If there were any reality or depth of feeling involved, the case would be different; but almost invariably the neotraditionalists are sequestered persons remote from any real contacts or experience with life . . . For any person today to fancy he can truly enter into the life & feeling of another period is really nothing but a confession of ignorance of the depth & nature of life in its full sense. This is the case with myself. I feel I am living in the 18th century, though my objective judgment knows better, & realises the vast difference from the real thing.
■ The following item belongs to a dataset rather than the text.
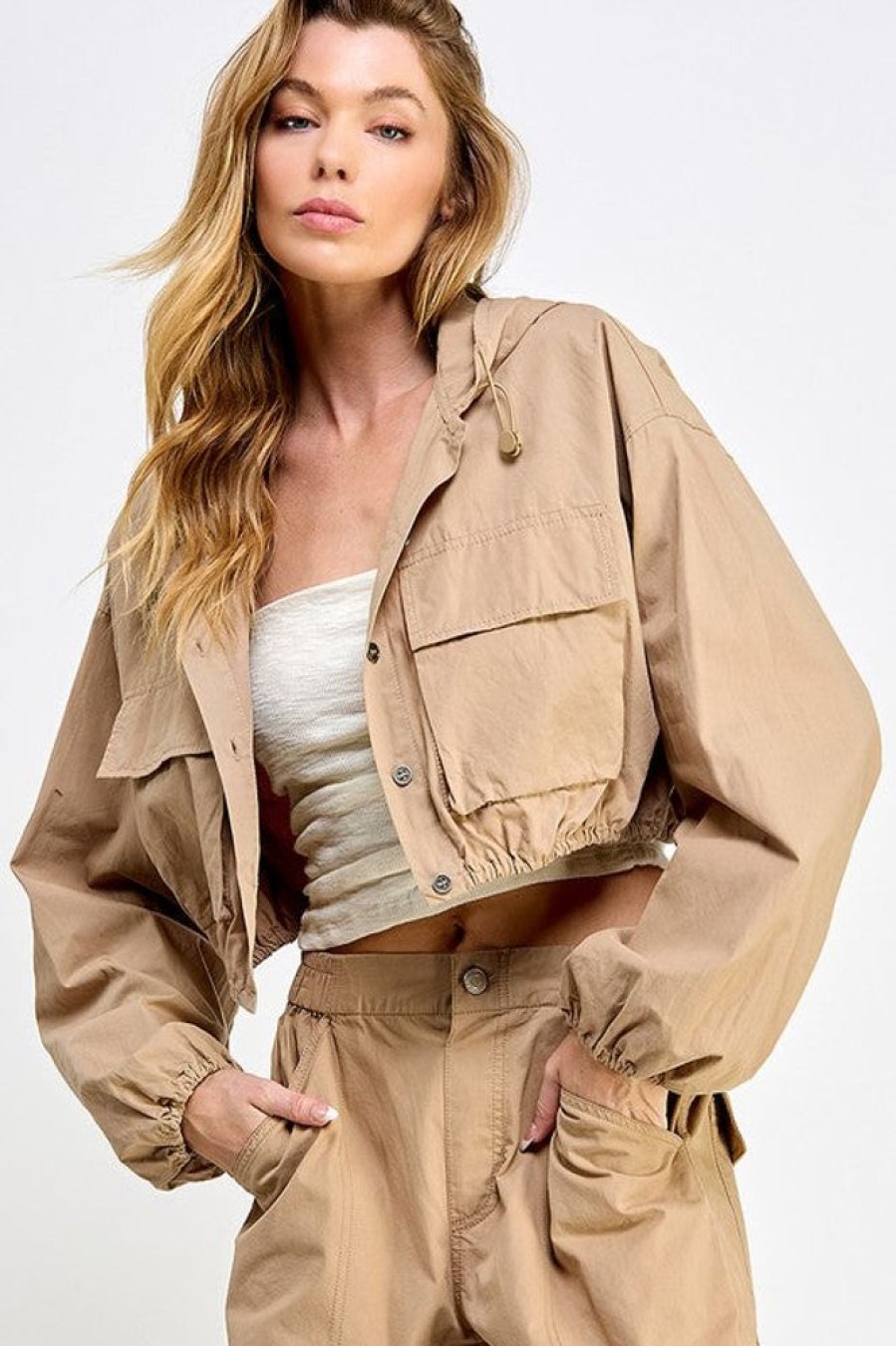 Clothing Miss Love Mia Cargo Cropped Jacket Taupe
The one redeeming thing about my ignorance of life & remoteness from reality is that I am fully conscious of it, hence (in the last few years) make allowances for it, & do not pretend to an impossible ability to enter into the actual feelings of this or any other age. The emotions of the past were derived from experiences, beliefs, customs, living conditions, historic backgrounds, horizons, &c. &c. so different from our own, that it is simply silly to fancy we can duplicate them, or enter warmly & subjectively into all phases of their aesthetic expression."